[KR: Tom Tancredo made a somewhat flippant remark with respect to the Pope’s lobbying on the immigration issue, but it brings up a fair point — to what extent is the Catholic church publicly active on this issue because of their membership? And on the issue of membership, is it about giving voice to their concerns, or preserving market share in the face of conversions to evangelical churches and scandals with the church?]
Pope Speaks Up for Immigrants, Touching a Nerve
April 20, 2008
DANIEL J. WAKIN and JULIA PRESTON, New York Times
Even as he was flying to the United States, Pope Benedict XVI spoke of protecting immigrant families, not dividing them.
He raised the issue again in a meeting on Wednesday with President Bush, and later that day spoke in Spanish to the church’s “many immigrant children.” And when he ends his visit to New York on Sunday, he will be sent off by a throng of the faithful, showing off the ethnic diversity of American Catholicism.
The choreography underscores the importance to the church here of its growing diversity — especially its increasing Hispanic membership.
Of the nation’s 65 million Roman Catholics, 18 million are Latino, according to the Pew Forum on Religion and Public Life, and they account for more than two-thirds of the new Catholics in the country since 1960.
Millions of other recent arrivals come from Asia and Africa.
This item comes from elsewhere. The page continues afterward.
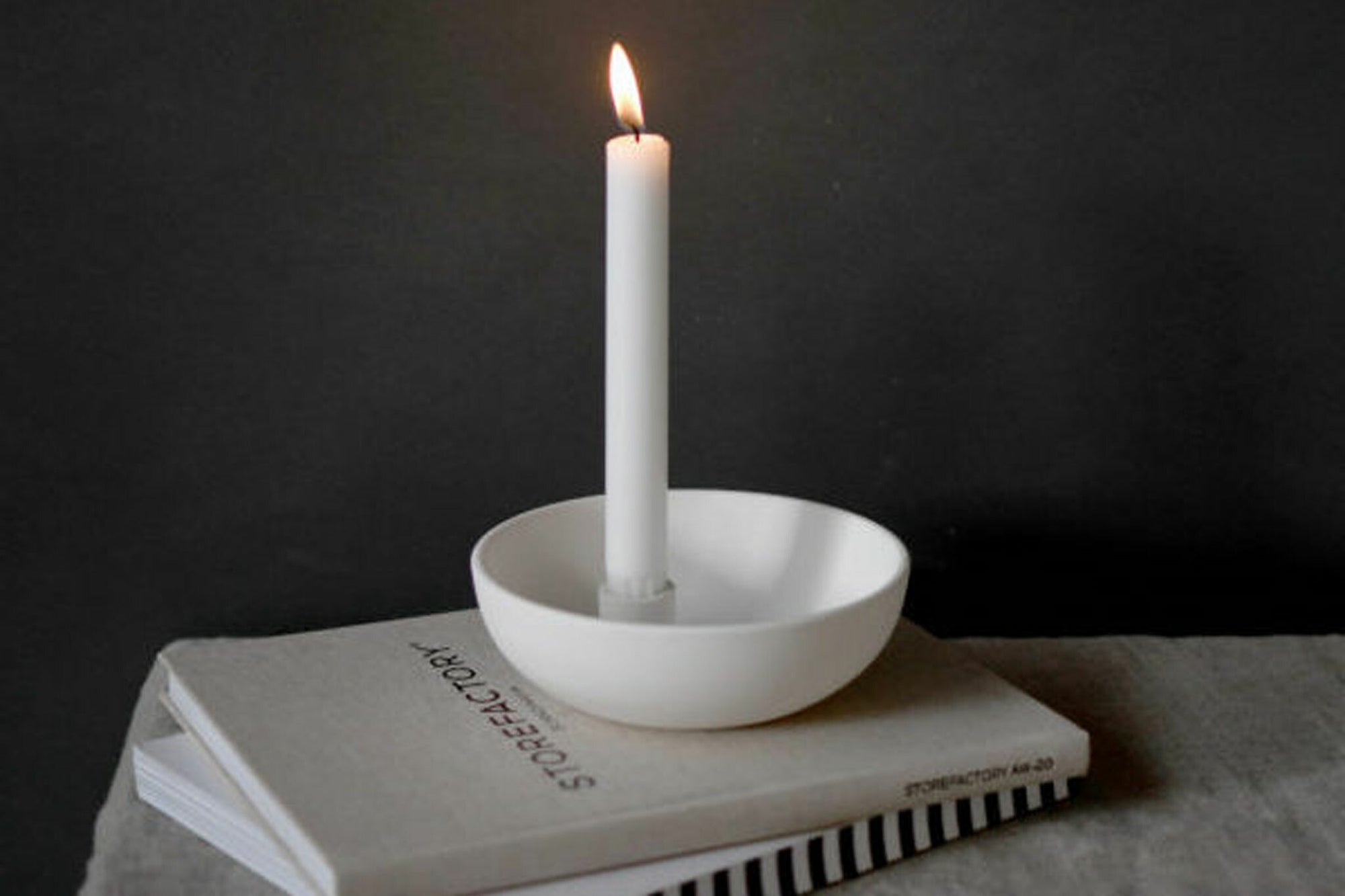 Storefactoryはスウェーデンのインテリアブランドです。彼らのデザインは商品ラインナップをみても分かるようにクリーンでミニマルな代表的なスカンジナビアンデザインであるのが特長です。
More and more parishes depend on priests brought from abroad to serve the flock.
Benedict has calibrated his immigration stance with care, stating the need to protect family unity and immigrants’ human rights, but pointedly avoiding any specifics of the American immigration debate, like the issue of whether to grant legal status to illegal immigrants. Yet last week his visit quickly stirred the crosscurrents of the debate.
His comments drew a rebuke from Representative Tom Tancredo, a Republican from Colorado who has been a leading opponent of illegal immigration.
Accusing the pope of “faith-based marketing,” Mr. Tancredo said Benedict’s comments welcoming immigrants “may have less to do with spreading the Gospel than they do about recruiting new members of the Church.” Mr. Tancredo, a former Catholic who now attends an evangelical Christian church, said it was not in the pope’s “job description to engage in American politics.”